-- Provided data follows --

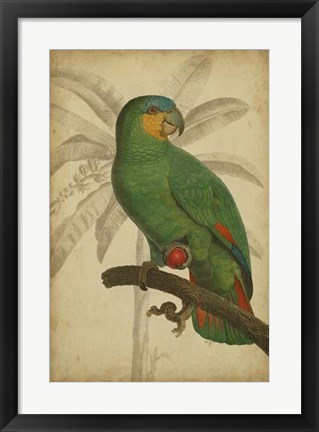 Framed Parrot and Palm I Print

-- Provided data concluded --
-- Provided data follows --

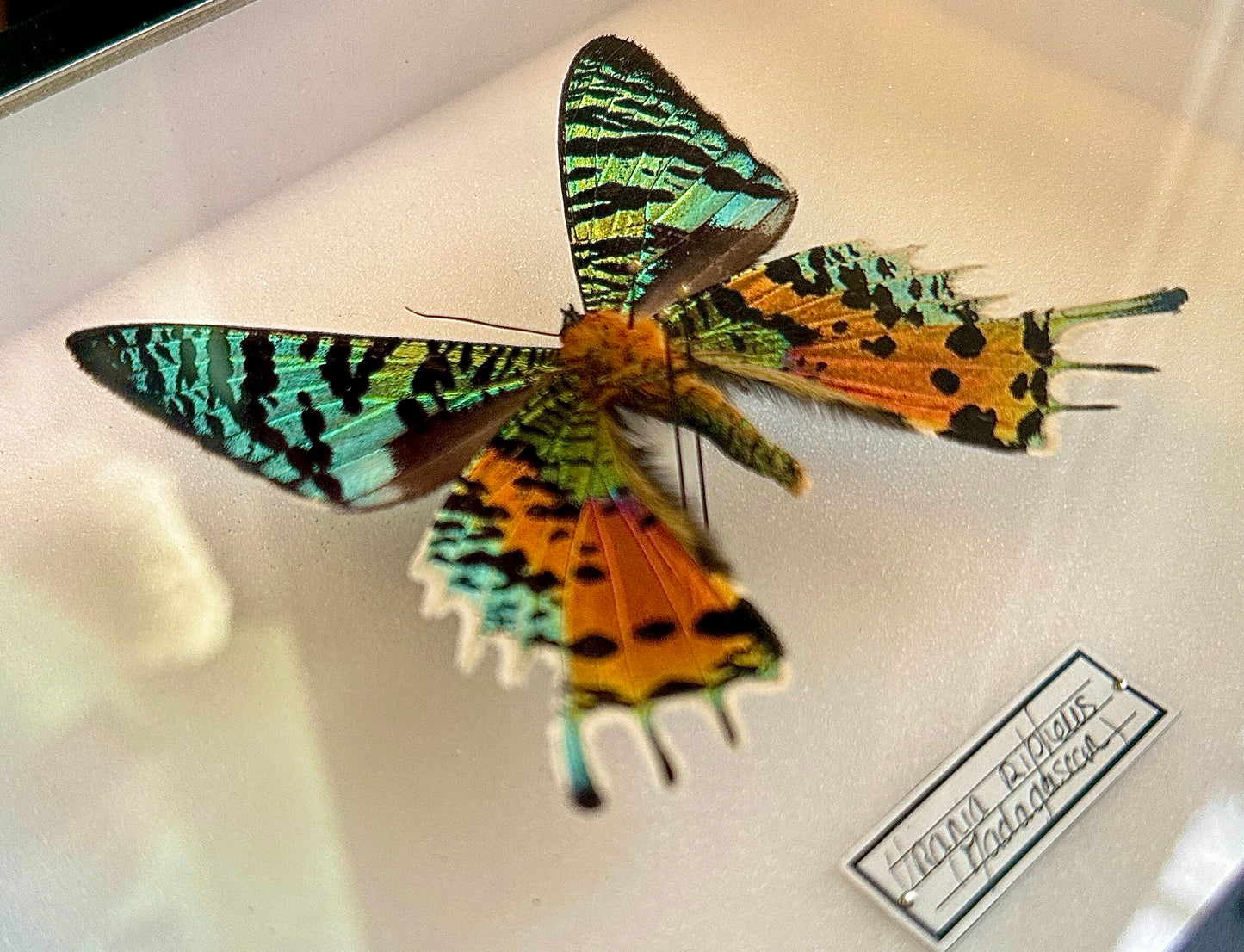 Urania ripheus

-- Provided data concluded --
-- Provided data follows --

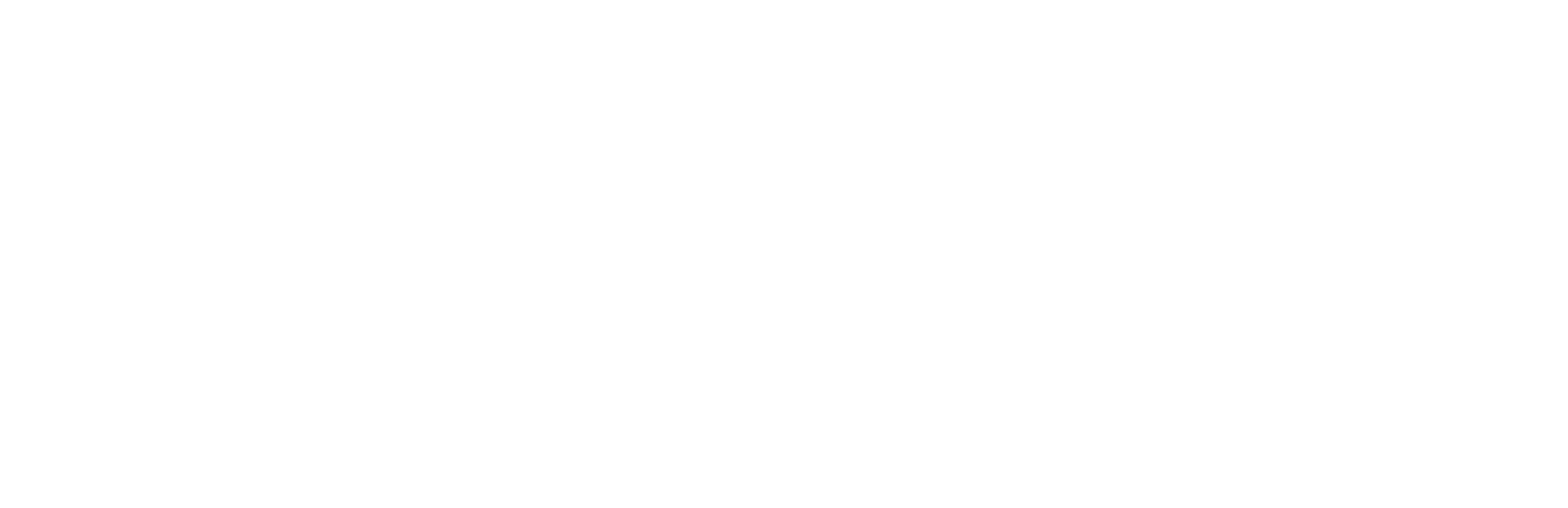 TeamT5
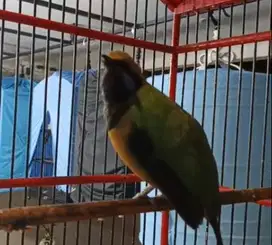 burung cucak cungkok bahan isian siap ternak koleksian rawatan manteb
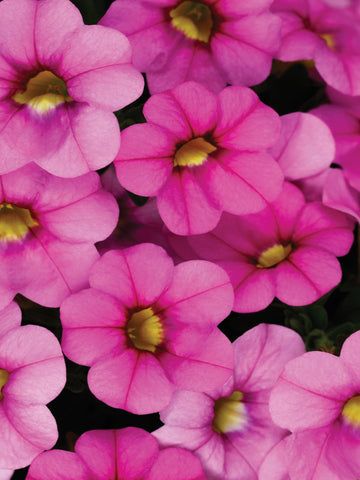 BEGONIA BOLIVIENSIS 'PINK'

-- Provided data concluded --

• Problem requirements: From the data above, return only the lines starting at the line that holds "burung cucak cungkok" and ending at the line that holds "BEGONIA BOLIVIENSIS 'PINK'", word for word and without pictures.

• Response area:
 burung cucak cungkok bahan isian siap ternak koleksian rawatan manteb
 BEGONIA BOLIVIENSIS 'PINK'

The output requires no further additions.